UASC has ordered the ultra large container ships from Hyundai Heavy Industries in South Korea. The vessels will be deployed as part of a 10 year strategic vessel sharing agreement between UASC and China Shipping Container Lines.

The facility finances 75% of the cost of the vessels and is comprised of a $439m commercial bank tranche, a $300m equivalent to Saudi Riyal tranche and a $512m tranche benefiting from 95% commercial and political risk insurance from Korea Trade Export Insurance Corporation. All tranches are fully repaid within 12 years from drawdown. The transaction was closed in an accelerated time frame within three months of formal launch. The landmark deal is one of the largest ship financing deals of 2013.

DB and Qatar National Bank acted as joint lead underwriters and lead bookrunners for the facility.
Basil Al-Zaid, UASC cfo, commented on the occasion of the closing of the syndicated loan facility: “In a capital intensive industry like container shipping, it is critical to invest in new assets to keep up with market growth and to expand. The unwavering commitment of our shareholders as well as the excellent support from our regional and international lenders has been fundamental to the successful closing of this facility. The oversubscription to the Facility by 2.2 times also shows the financial strength of UASC.”

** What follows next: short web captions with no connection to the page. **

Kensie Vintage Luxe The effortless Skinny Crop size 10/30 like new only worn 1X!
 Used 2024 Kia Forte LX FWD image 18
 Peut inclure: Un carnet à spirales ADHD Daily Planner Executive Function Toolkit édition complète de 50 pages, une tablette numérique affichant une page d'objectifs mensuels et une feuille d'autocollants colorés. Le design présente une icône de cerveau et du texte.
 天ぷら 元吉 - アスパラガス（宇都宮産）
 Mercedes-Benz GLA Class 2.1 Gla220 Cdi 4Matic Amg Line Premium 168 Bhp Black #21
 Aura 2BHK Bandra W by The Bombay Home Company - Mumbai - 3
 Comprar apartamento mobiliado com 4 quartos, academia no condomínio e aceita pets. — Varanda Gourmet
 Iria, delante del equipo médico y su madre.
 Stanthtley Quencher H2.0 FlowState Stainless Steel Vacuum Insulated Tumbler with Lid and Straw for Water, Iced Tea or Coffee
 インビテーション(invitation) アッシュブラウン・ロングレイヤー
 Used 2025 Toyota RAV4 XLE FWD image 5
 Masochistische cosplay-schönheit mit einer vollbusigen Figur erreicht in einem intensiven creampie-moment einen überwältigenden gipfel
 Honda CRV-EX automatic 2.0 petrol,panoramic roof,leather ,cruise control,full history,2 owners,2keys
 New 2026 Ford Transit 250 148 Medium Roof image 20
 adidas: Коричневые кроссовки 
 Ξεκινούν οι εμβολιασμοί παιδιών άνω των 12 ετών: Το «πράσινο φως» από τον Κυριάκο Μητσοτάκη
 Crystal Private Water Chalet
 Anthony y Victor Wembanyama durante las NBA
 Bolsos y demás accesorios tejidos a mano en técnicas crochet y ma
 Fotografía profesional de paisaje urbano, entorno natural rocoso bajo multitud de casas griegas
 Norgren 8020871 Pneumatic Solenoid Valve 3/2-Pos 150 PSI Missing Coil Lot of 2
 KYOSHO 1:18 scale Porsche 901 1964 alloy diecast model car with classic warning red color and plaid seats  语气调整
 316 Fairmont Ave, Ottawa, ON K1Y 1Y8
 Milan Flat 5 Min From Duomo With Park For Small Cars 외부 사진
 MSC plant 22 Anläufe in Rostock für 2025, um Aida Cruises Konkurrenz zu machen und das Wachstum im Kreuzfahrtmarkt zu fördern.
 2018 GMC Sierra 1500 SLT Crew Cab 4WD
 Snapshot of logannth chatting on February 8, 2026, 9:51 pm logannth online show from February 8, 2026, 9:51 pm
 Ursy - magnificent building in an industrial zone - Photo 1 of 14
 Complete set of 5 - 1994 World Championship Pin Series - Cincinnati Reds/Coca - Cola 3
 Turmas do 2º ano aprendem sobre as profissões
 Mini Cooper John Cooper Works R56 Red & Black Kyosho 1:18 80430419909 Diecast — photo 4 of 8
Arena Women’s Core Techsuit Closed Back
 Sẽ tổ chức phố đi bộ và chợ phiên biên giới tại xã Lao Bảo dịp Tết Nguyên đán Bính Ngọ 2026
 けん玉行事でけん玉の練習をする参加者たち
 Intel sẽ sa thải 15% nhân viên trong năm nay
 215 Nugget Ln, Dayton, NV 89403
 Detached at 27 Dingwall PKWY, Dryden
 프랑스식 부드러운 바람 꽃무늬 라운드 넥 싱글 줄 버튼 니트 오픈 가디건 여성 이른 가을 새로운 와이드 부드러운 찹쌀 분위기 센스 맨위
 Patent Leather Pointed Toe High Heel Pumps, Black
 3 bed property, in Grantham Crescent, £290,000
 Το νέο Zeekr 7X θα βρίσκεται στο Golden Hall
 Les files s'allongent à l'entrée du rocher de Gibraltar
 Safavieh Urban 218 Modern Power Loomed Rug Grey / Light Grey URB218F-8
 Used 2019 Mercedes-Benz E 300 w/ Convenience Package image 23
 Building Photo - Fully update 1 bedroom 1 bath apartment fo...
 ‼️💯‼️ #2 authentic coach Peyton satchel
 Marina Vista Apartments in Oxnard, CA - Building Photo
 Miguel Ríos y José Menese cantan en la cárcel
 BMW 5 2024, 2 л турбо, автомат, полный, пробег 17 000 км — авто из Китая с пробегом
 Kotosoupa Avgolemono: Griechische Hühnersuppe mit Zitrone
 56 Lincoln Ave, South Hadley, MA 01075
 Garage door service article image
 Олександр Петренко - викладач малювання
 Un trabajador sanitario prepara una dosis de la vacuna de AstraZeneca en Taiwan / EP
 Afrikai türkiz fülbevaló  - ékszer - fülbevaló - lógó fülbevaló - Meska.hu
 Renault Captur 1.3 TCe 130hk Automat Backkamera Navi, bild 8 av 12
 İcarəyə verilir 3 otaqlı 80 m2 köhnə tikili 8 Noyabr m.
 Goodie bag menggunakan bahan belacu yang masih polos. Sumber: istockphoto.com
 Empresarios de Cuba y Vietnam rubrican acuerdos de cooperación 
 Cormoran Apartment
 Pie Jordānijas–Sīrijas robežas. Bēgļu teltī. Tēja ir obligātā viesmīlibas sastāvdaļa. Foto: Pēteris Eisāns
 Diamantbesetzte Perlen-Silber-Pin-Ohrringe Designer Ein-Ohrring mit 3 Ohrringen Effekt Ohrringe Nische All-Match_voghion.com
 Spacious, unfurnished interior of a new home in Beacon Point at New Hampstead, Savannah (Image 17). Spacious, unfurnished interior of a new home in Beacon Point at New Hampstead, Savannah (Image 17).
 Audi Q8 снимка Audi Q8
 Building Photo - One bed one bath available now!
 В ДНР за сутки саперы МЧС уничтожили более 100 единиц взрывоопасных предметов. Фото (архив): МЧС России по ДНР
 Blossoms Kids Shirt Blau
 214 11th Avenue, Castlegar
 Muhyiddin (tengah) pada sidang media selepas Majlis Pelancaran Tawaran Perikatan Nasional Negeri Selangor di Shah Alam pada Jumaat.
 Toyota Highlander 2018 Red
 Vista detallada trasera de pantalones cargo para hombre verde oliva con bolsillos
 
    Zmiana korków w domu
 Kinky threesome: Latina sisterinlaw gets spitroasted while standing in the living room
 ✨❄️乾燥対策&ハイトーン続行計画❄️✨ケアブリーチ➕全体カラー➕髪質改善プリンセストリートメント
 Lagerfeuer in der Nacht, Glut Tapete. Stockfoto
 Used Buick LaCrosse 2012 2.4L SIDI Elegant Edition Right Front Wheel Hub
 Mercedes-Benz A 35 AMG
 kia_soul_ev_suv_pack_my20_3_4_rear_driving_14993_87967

Jorn Hinge, UASC president and ceo, also remarked: “We are first-movers with these green newbuildings that will be equipped for LNG duel fuel for the first time in the long haul container trades. UASC is proud to continue its commitment to energy efficiency and environmental friendliness. As the UASC vision is ‘Linking the Middle East to the World’ we appreciate especially that numerous regional Middle East banks have been involved in supporting this facility.”

The $493m debt financing for the remaining five vessels is expected to be closed shortly under separate facilities.  [20/12/13]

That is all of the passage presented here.